It is obvious that cases of corruption with sufficient proofs are compromised as a result of strong political connection, ties or alleged bribery since courts and judges are vulnerable to bribes and all forms of inducements despite the huge monthly salary and other benefits that attend their respective portfolios. Some of judges and law enforcement personnel especially court officers and police are money-driven and integrity-drained.

As a result of this, corrupt practices becomes 'not guilty' even though there are available facts to prove otherwise. The weak and corrupt legal system of Liberia is providing a fertile ground for corruption and if rapid interventions are not made to overhaul our judiciary sector, corruption will forever remain a major enemy to reckon with.

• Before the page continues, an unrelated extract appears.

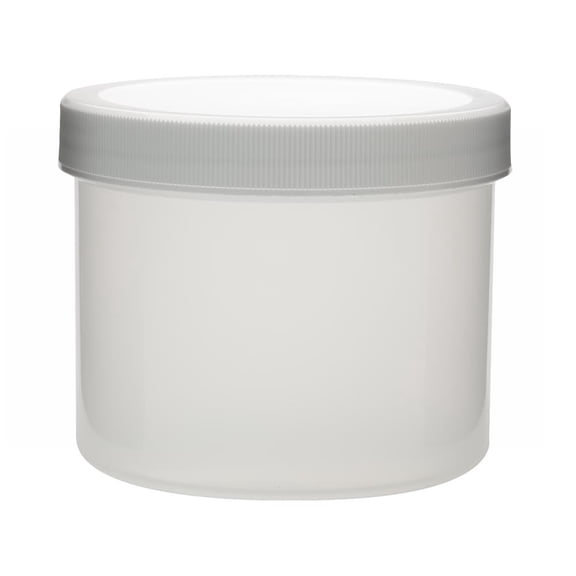 Wheaton W209905 White Polypropylene Wide Mouth Container with 120-400 Polypropylene Unlined Screw Cap, 1000mL Capacity (Case of 24) CA3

Corruption is the main reason for crises across the continents including the Arab revolution which started in Tunisia to Syria while corruption  was the reason for the April 12, 1980 bloody coup of which President William R. Tolbert’s government was overthrown, followed by the public execution of the 13 high ranking officials. The execution, many believe was a direct result of the 14-year bloodbath in the country which claimed approximately 250,000 lives and destroyed billion dollars’ worth of properties and displaced over a quarter million Liberians.

The local media on a large scale regularly betrothed into biased reporting by treating some candidates with favor, while the rest are not given free media access to present their cases to the people. As a matter of fact, let look at the recent past, the fracture of the media was such that affluent candidates bought some media houses while others have established theirs to directly propagate their political agenda outside conventional and ethical media practices (2012 BBC report).

On the continent, poor governance has led to poor economic growth and it is manifested through corruption, political instability, ineffective rule of laws and institutions. Some African countries went through governance failures and corruption at some point in time, but their governance capacity made them recover and ensure the maintenance of rapid growth performance through constant demands to improve government and reduce corruption

In many African countries, corruption takes place as a rule based for decisions. That is, public officials influence the economic decision in detriment of the entire society. This results in inefficiency and high transaction costs as well as distortion of transparent and normal market operations and thus, creating insecurity for investors.  Corruption takes place when public officials break the laws to fulfill their own interests. The most common types of corruption are bribery and extortion as well as the allocation of public resources to favor political benefits. 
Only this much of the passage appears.